Cornelis Pijnacker Hordijk, Gubernur Jenderal Hindia Belanda ke-58. (Wikimedia Commons)

Pemberontakan pun muncul di mana-mana. Ulama-ulama yang notabene baru pulang dari ibadah haji banyak menjadi pelopor pemberontakan. Paham pan-Islamisme disebar ke murid-muridnya. Semuanya bergerak melawan Belanda. Empunya kuasa kewalahan. Merugi pula. Bahkan, karena pemberontakan itu usaha Belanda di negeri koloni tak berjalan mulus.

Utang Belanda jadi menumpuk. Pada pemberontakan Pangeran Diponegoro dan pemberontakan petani Banten pada 1888, misalnya. Belanda pusing bukan main. Karenanya, Pan-Islamisme dianggap sebagai suatu ancaman serius yang memunculkan sikap anti-Belanda.

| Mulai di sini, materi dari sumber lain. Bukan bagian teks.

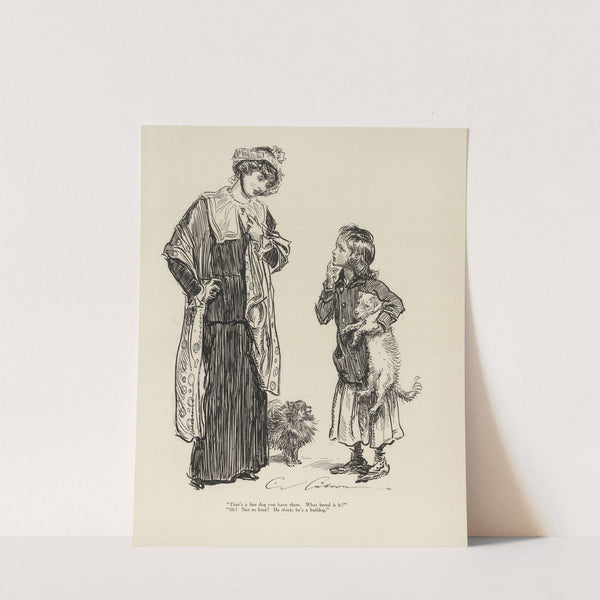 ‘Thats a fine dog you have there.’ (1916) by Charles Dana Gibson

 “Gagasan pan-Islamisme, apapun itu --gagasan itu adalah hantu yang beredar di mana-mana seperti fundamentalisme Islam di zaman sekarang – tidak boleh dibiarkan menyebar ke Hindia Belanda. Keterkaitan dengan budaya barat adalah tujuan pamungkas koloni.”

“Kebudayaan Islam antitesis terhadap tujuan itu. setiap indikasi bahwa - dalam kehidupan sehari-hari mereka, bukan agama mereka - kaum Muslimin lebih memilih cara-cara Islam atau Timur daripada cara-cara Barat yang dianggap sebagai langkah mundur dalam jalan menuju peradaban dan indikasi dari mentalitas anti-Belanda,” ungkap Kees van Dijk dalam buku Hindia Belanda dan Perang Dunia I 1914-1918 (2013).

Paham pan-Islamisme pun berkembang dengan pesat di seantero Nusantara. Sekolah agama atau yang notabene tempat ngaji –masjid, rumah, atau pesantren-- jadi ajang penyebaran paham yang dianggap Belanda sebagai agenda radikal.

Karel Frederik Holle, orang Belanda pengusaha perkebunan teh di Garut yang banyak berperan meredam pemberontakan Islam di tanah Sunda. (Wikimedia Commons)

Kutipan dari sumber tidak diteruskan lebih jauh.